Sunday 7 August 2011

Freedom of expression vs Freedom to choose

Everywhere you turn, whether print, electronic or web media, someone is reporting or commenting on underperformance; in education, public sector, business, industry, finance, politics, in fact every sphere of our existence. Such thoughts and vox pop contributions are now the norm of 21st Century society and the 24/7 media age. They are imbued with an aura, an attitude of blame – it’s all the fault of some other person, community, system, authority, political party, government, custom, culture, even law.

Is this where democracy has taken us? Not just that we all have the right to views and to make them known (even as I’m doing here), which we do. But that in taking that right (of expression), we forego the capacity to see and acknowledge our complicity in the society we have created? Behind the blame and excuses lies an apparent belief that “I’m not able to do … whatever I’m supposed to… because you are doing something to obstruct me in doing it”.

What about my own autonomy, that other right of freedom to choose? To choose to do the best I can with my little patch of sky (or blue marble under that sky)? My own integrity to know therefore and to say that “I have a part in this and my part will help make the rest work”. As one tiny cog in the wheel, which if it sees itself as a wedge risks stalling the whole machinery.

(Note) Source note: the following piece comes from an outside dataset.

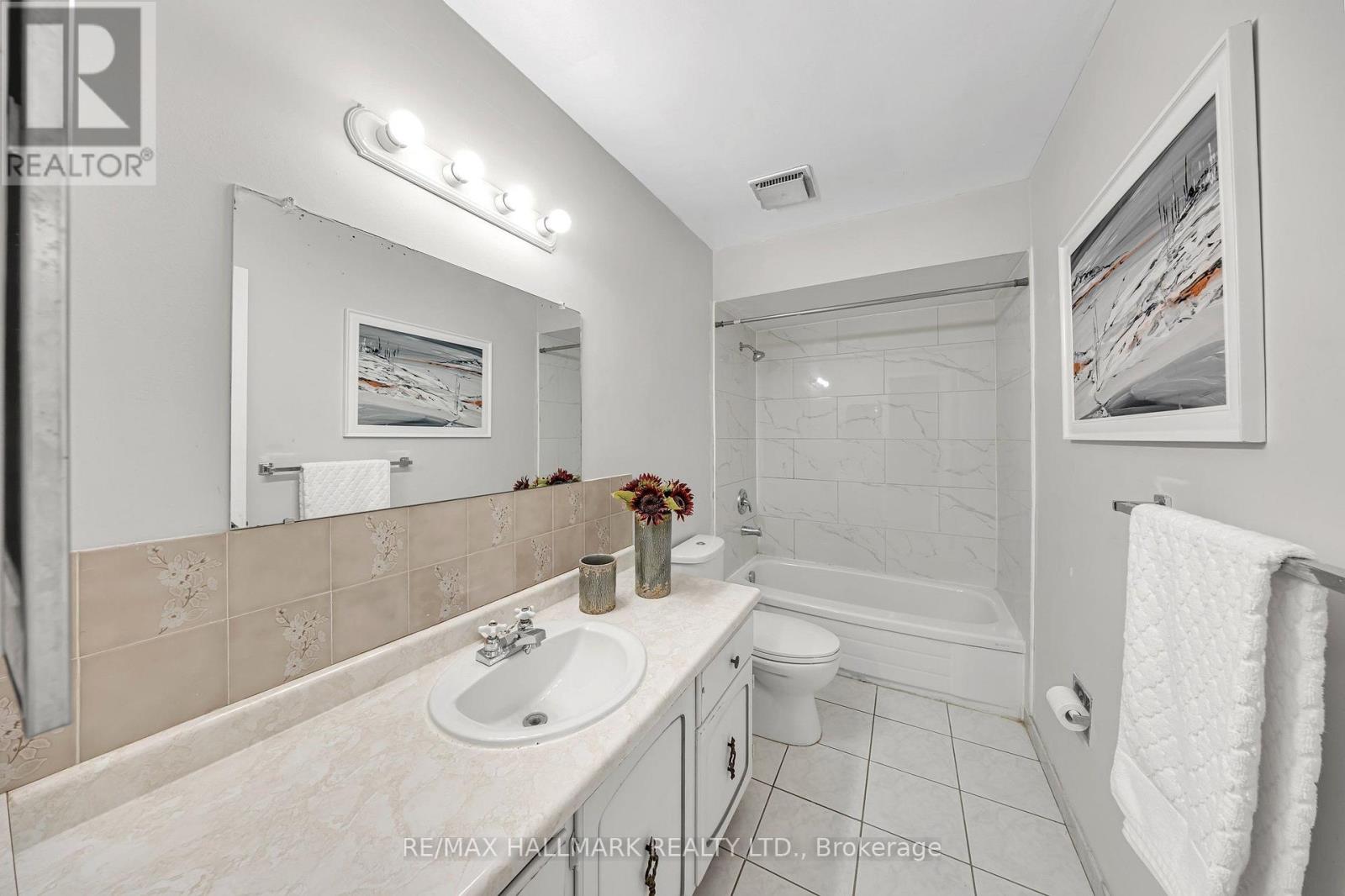 54 Redhead Crescent, Toronto, Ontario  M1V 3B4 - Photo 25 - E14128952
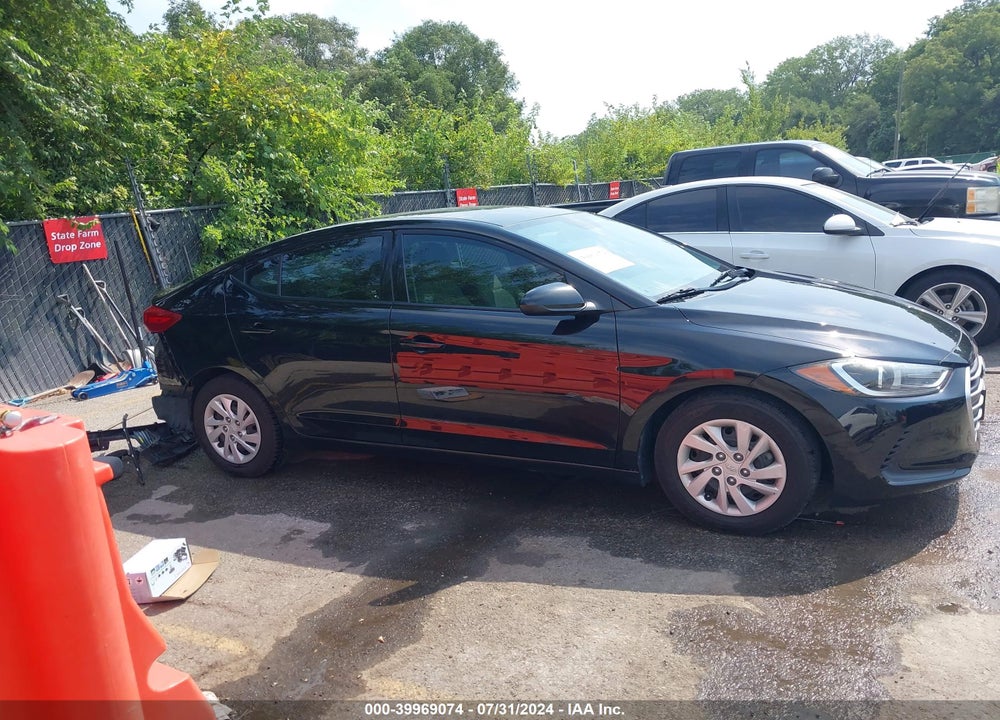 2018 HYUNDAI ELANTRA SE VIN: 5NPD74LF7JH347592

Think of the various health, equality, education, employment, religious, responsibility (social/corporate/political) conundrums we are faced with. Then top them all with the ultimate social paradox that we have contrived – the power that we give (away) to those we believe to be of power, the politicians and leaders in our communities. What is it with humans that we think others may know us better than we know ourselves and therefore give them the right to choose for us?

It then proves stranger still when, having given away the right to choose, and politicians and leaders dictate our existence, we descend into that blame game and all collude to wallow in our ever-present human condition.

Irony of ironies, and this is why humankind is so wonderful, there exists even in that condition, the capacity to choose to be different.

Integrity hasn’t become obsolete but it has kept a low profile recently while selfish democracy, based on selfish rights, rights that have no cognition of their co-dependence with others’ rights, has had its day. A resurgence is set to happen, surely? The relentless dramas, whether natural or human-made, that are besieging us barely a decade into the new century, do threaten and paralyse us. They also hold the potential to release the humanity and integrity our race possesses by sheer dint of having a ‘superior’ intellect. So called.